Na primeira semana do conflito, mineradoras indonésias de níquel — responsáveis por mais de 50 % do fornecimento global — anunciaram redução de produção porque 75 % do enxofre utilizado em suas refinarias provém do Oriente Médio. A Reuters observa que produtores africanos de cobre podem enfrentar obstáculo semelhante. Quando jazidas competem pelos mesmos volumes de enxofre de que também dependem fabricantes de fertilizantes, forma-se um cenário de disputa que eleva preços para todos os usuários.

Como o mercado já viveu gargalos de chips durante a pandemia de covid-19, o temor agora é de um novo ciclo de escassez, agravado pela demanda adicional oriunda de projetos de inteligência artificial. Componentes como smartphones, computadores, veículos e dispositivos domésticos inteligentes podem ficar mais caros ou sofrer atrasos de entrega caso a disponibilidade de ácido sulfúrico continue limitada.

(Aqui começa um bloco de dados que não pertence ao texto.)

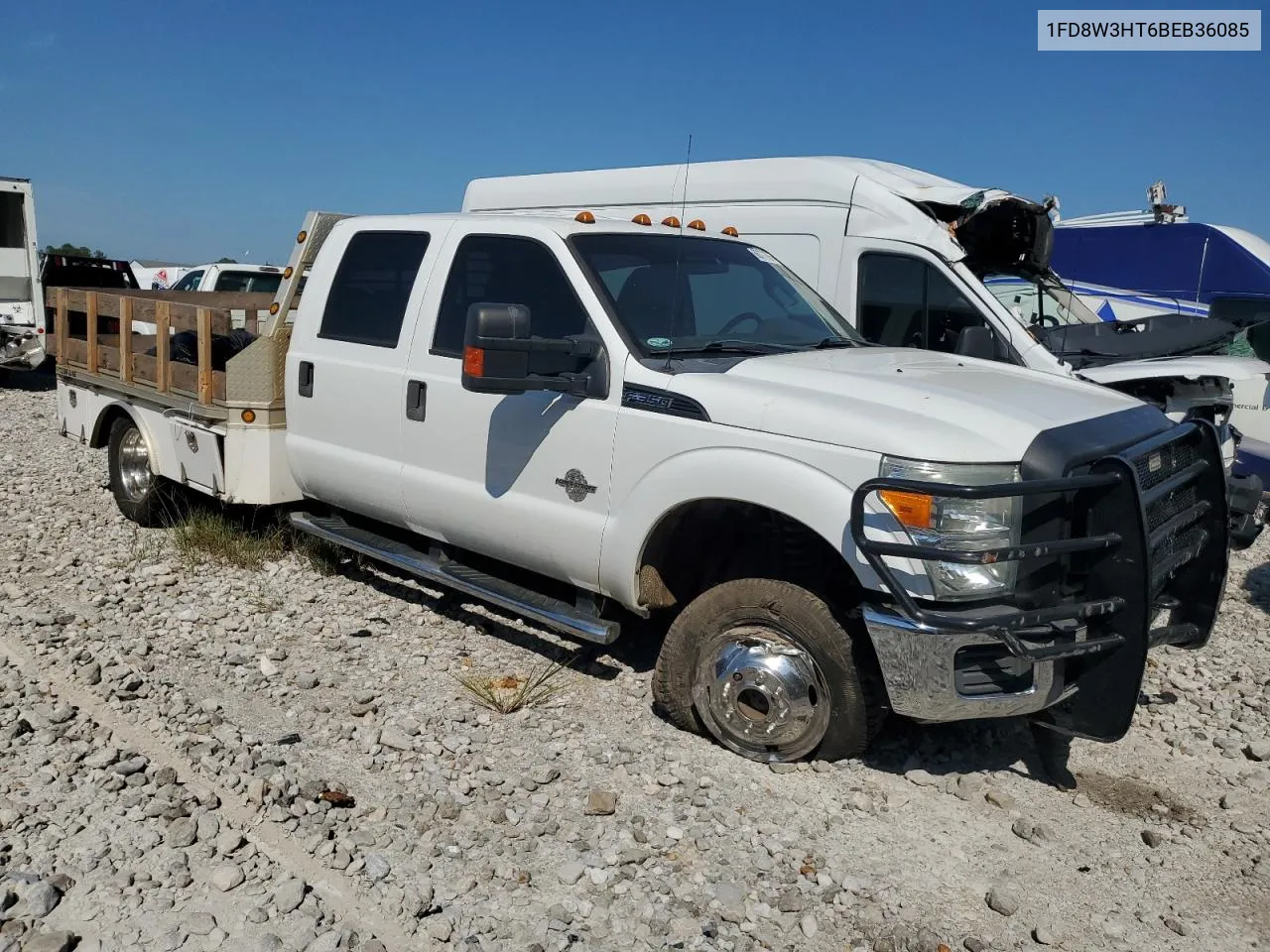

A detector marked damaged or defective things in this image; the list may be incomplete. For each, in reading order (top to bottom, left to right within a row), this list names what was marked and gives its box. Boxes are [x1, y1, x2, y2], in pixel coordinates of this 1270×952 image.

5. Perspectivas de curto prazo para consumidores e produtores

Especialistas consultados no material de base convergem na avaliação de que, mantido o bloqueio no Estreito de Ormuz e os ataques a infraestruturas estratégicas, os efeitos descritos tendem a se propagar rapidamente. Para combustíveis, o repasse costuma ser quase imediato nas bombas. No caso de alimentos, a defasagem esperada é de um a três meses, pois depende do ciclo de plantio, crescimento e colheita. Já a indústria farmacêutica trabalha com estoques de segurança, mas interrupções prolongadas podem começar a afetar prazos de entrega em questão de semanas.

A situação evidencia a interdependência de cadeias globais: fertilizantes precisam de gás natural; medicamentos dependem de hubs logísticos com capacidade de refrigeração; chips escoram-se em produtos químicos oriundos do mesmo petróleo cujos fluxos hoje minguam no Golfo. Qualquer ponto de estrangulamento amplifica pressões de preço e ameaça a oferta em múltiplas áreas.

6. O que observar nos próximos meses da guerra no Irã

Os próximos marcos para acompanhar incluem a evolução do tráfego no Estreito de Ormuz — que caiu 90 % na primeira semana, segundo consultoria citada na fonte — e a duração das paralisações no Porto de Jebel Ali e no Aeroporto de Dubai. Enquanto esses corredores logísticos não forem restabelecidos, o mercado seguirá reprecificando petróleo, fertilizantes, medicamentos e semicondutores, com repercussões para consumidores e produtores em todo o mundo.